L’hystérie revient à la mode. Dans le sillage de A Dangerous Method de David Cronenberg, sur les relations entre Jung, Freud et leur patientedisciple Sabina Spielrein, et de Hysteria de Tanya Wexler, sur l’inventeur anglais du… vibromasseur, voici Augustine, du nom de la patiente vedette du docteur Charcot (lire LT du 27.4.2013). Un film présenté l’an dernier à Cannes (Semaine de la critique) et repêché aujourd’hui dans quelques salles «culturelles» en l’absence de distributeur. Réussite rare dans le paysage du cinéma français, le premier long métrage d’Alice Winocour méritait mieux. Pas du tout académique, conjuguant reconstitution pointilleuse et regard actuel, questions sérieuses et licence poétique, ce film signale en effet la naissance d’un talent singulier.
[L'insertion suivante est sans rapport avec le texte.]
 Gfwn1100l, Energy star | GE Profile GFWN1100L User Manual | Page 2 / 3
Détail piquant, une précédente évocation, la pièce Augustine (Big Hysteria) de l’Anglaise Anna Furse (1991), postulait un triangle Charcot-Augustine-Freud, improbable même si ce dernier fut brièvement l’élève de Jean-Martin Charcot. Alice Winocour, elle, est partie sur une autre piste. Frappée par un tableau représentant le fameux neurologue exhibant une de ses patientes, elle se serait autant inspirée de la littérature «gothique» du XIXe siècle que de sa propre réaction féministe. D’où sans doute la richesse de son film, qui préfère la suggestion à la démonstration.
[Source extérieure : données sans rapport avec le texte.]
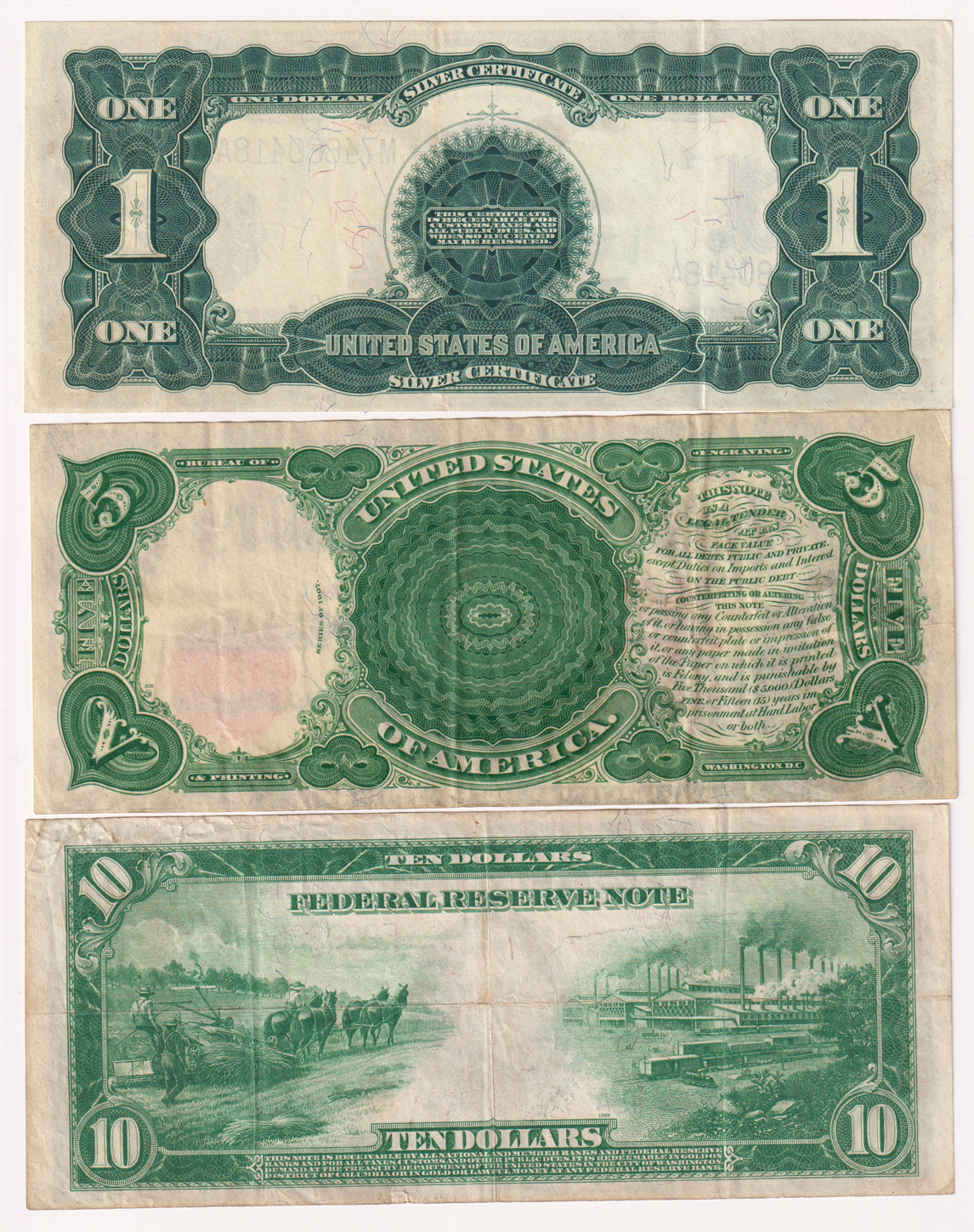 Group of eleven large size type notes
Soko et Lindon face à face

En 1875, cette jeune bonne souffrant de mystérieuses crises convulsives se retrouve internée à l’hôpital parisien de la Salpêtrière. En lui donnant 19 ans, la cinéaste l’a certes un peu «vieillie», mais a laissé une génération d’écart entre Augustine (l’épatante Soko, révélation d’A l’origine et de Bye Bye Blondie) et le docteur Charcot (un Vincent Lindon minéral). Ce dernier y étudie justement l’hystérie, étrange mal qui semble alors affecter bien des femmes. Pas vilaine, sujet idéal pour l’hypnose, Augustine devient son cobaye favori parmi des centaines de patientes, la vedette de (re)présentations publiques par lesquelles il escompte obtenir des fonds pour l’hôpital et ses recherches…
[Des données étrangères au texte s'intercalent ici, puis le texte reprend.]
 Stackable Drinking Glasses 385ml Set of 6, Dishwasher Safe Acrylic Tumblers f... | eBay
Analphabète, soumise au bon vouloir du corps médical et au voyeurisme bourgeois, Augustine fut-elle une simple victime? Pas selon l’auteure, qui a préféré imaginer un parcours d’émancipation, un subtil basculement du rapport de pouvoir entre médecin et patiente. Au début d’ordre purement scientifique, leur relation se complique par une sorte de transfert pré-freudien. Même si la nature sexuelle de ces troubles peut paraître aujourd’hui évidente, la cinéaste nous replace dans le flou qui était celui des protagonistes. Quelle part de jeu chez Augustine, de complaisance ou de défi pour mieux plaire à Charcot? Et l’austère docteur, qui s’égare en cherchant une explication purement organique, a-t-il vraiment pu y rester insensible?

Carcan social pervers

Au-delà de ce rapport complexe (même s’il ne saurait vraiment résumer dix années de côtoiement), le film interroge surtout sur comment on a pu rester si longtemps dans l’ignorance, suggérant une double dimension de classe et de genre. A la Salpêtrière, toutes ces femmes soumises à de doctes regards d’hommes sont des «filles du peuple». Mais de leur côté, les bourgeoises (représentées ici par Chiara Mastroianni en Mme Charcot) n’étouffent pas moins dans le carcan de l’ordre social.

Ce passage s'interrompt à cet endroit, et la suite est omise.